BEGIN SUPPLIED DATA

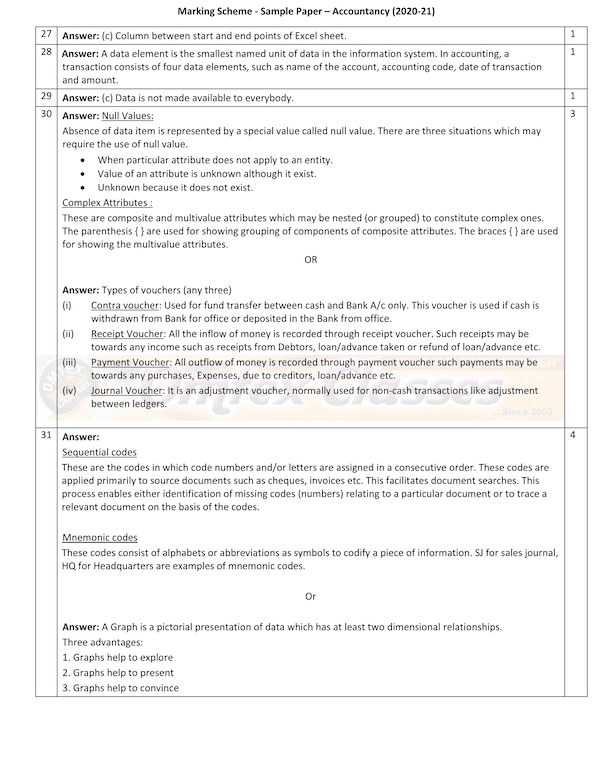 Accountancy MS Class XII Sample Question Paper & Marking Scheme for Exam 2020-21 Accountancy MS Class XII Sample Question Paper & Marking Scheme for Exam 2020-21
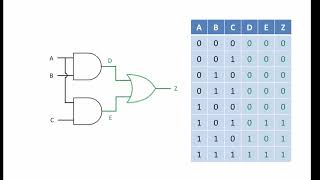 Logic Gate Combinations [upl. by Matronna]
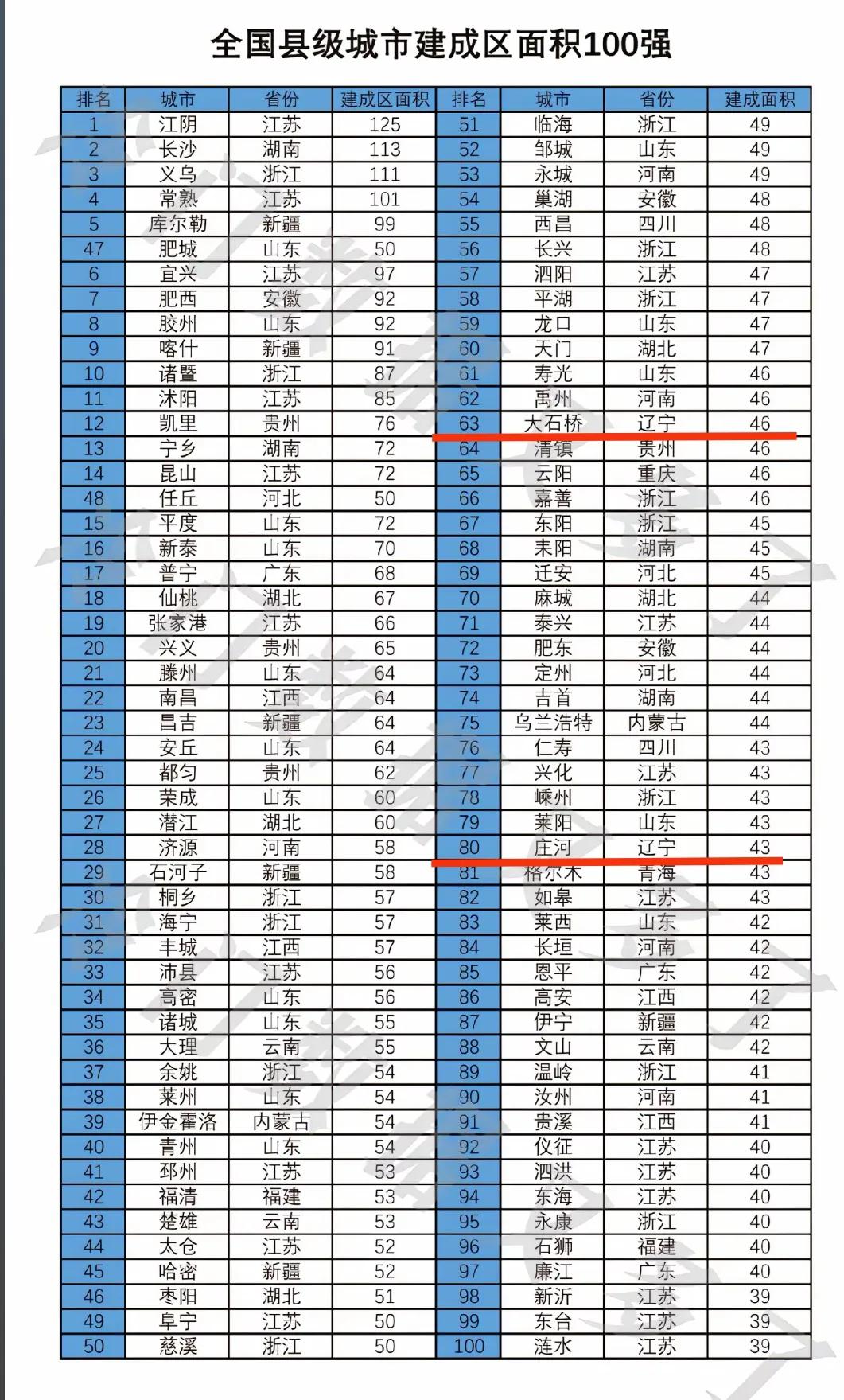 还是要恭喜营口与大连。纵观全国只有大石桥与庄河的建成区面积进入了县级市前100名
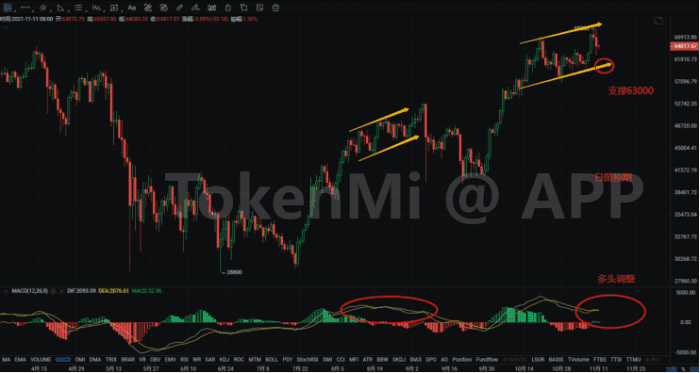 币中乾坤：多头趋势未变 插针将为主题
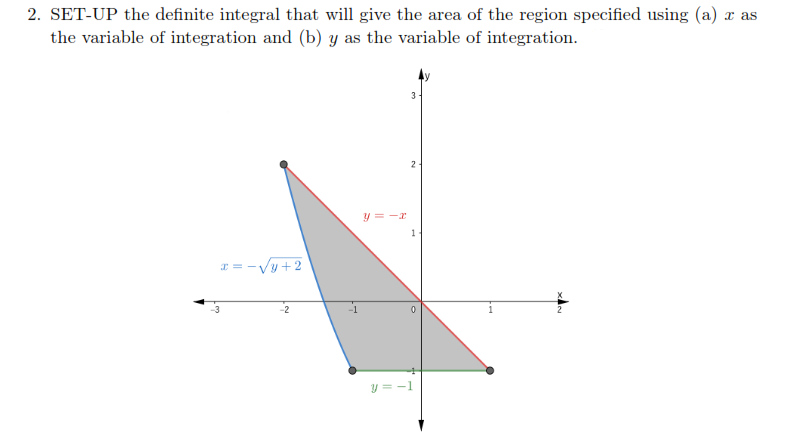 2. SET-UP the definite integral that will give the area of the region specified using (a) x as
the variable of integration and (b) y as the variable of integration.
3
y = -r
1
x = -Vy + 2
3
-2
y = -
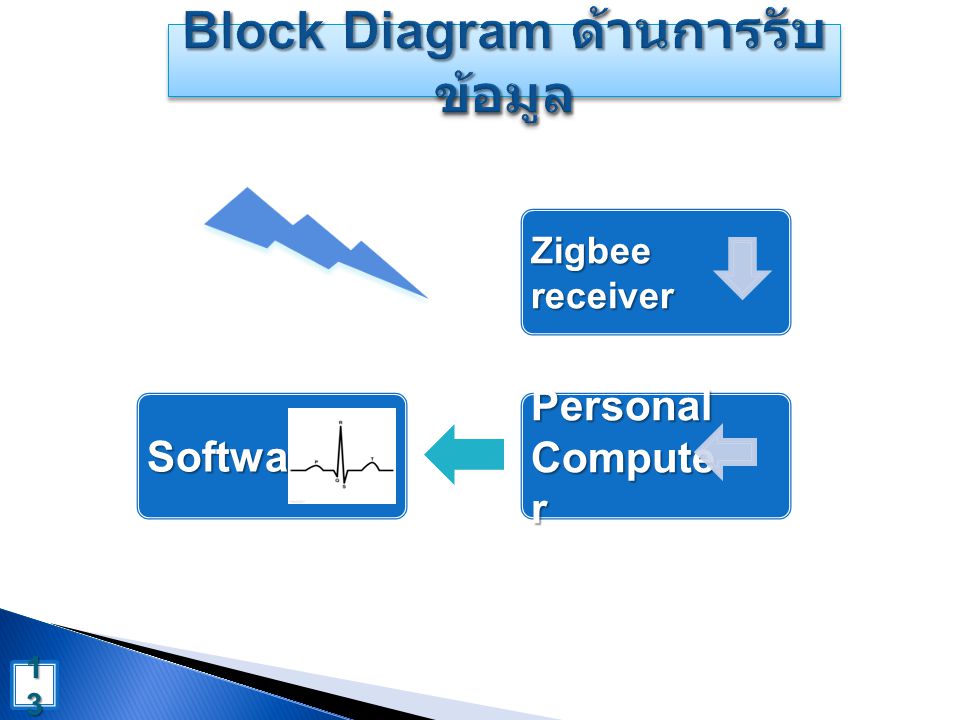 Software Zigbee receiver Personal Compute r 1313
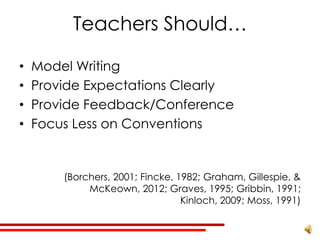 Teachers Should…

•   Model Writing
•   Provide Expectations Clearly
•   Provide Feedback/Conference
•   Focus Less on Conventions


        (Borchers, 2001; Fincke, 1982; Graham, Gillespie, &
             McKeown, 2012; Graves, 1995; Gribbin, 1991;
                                  Kinloch, 2009; Moss, 1991)
 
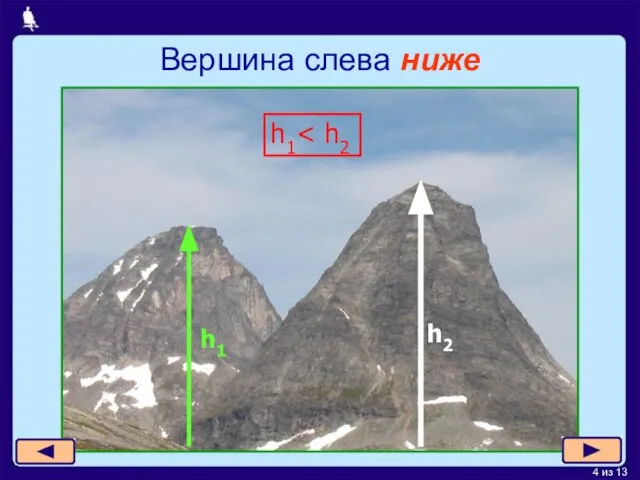 Вершина слева ниже h1 h2 h1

END SUPPLIED DATA

Set the records down again precisely, skipping every image.

 Accountancy MS Class XII Sample Question Paper & Marking Scheme for Exam 2020-21 Accountancy MS Class XII Sample Question Paper & Marking Scheme for Exam 2020-21
 Logic Gate Combinations [upl. by Matronna]
 还是要恭喜营口与大连。纵观全国只有大石桥与庄河的建成区面积进入了县级市前100名
 币中乾坤：多头趋势未变 插针将为主题
 2. SET-UP the definite integral that will give the area of the region specified using (a) x as
the variable of integration and (b) y as the variable of integration.
3
y = -r
1
x = -Vy + 2
3
-2
y = -
 Software Zigbee receiver Personal Compute r 1313
 Teachers Should…

•   Model Writing
•   Provide Expectations Clearly
•   Provide Feedback/Conference
•   Focus Less on Conventions


        (Borchers, 2001; Fincke, 1982; Graham, Gillespie, &
             McKeown, 2012; Graves, 1995; Gribbin, 1991;
                                  Kinloch, 2009; Moss, 1991)
 
 Вершина слева ниже h1 h2 h1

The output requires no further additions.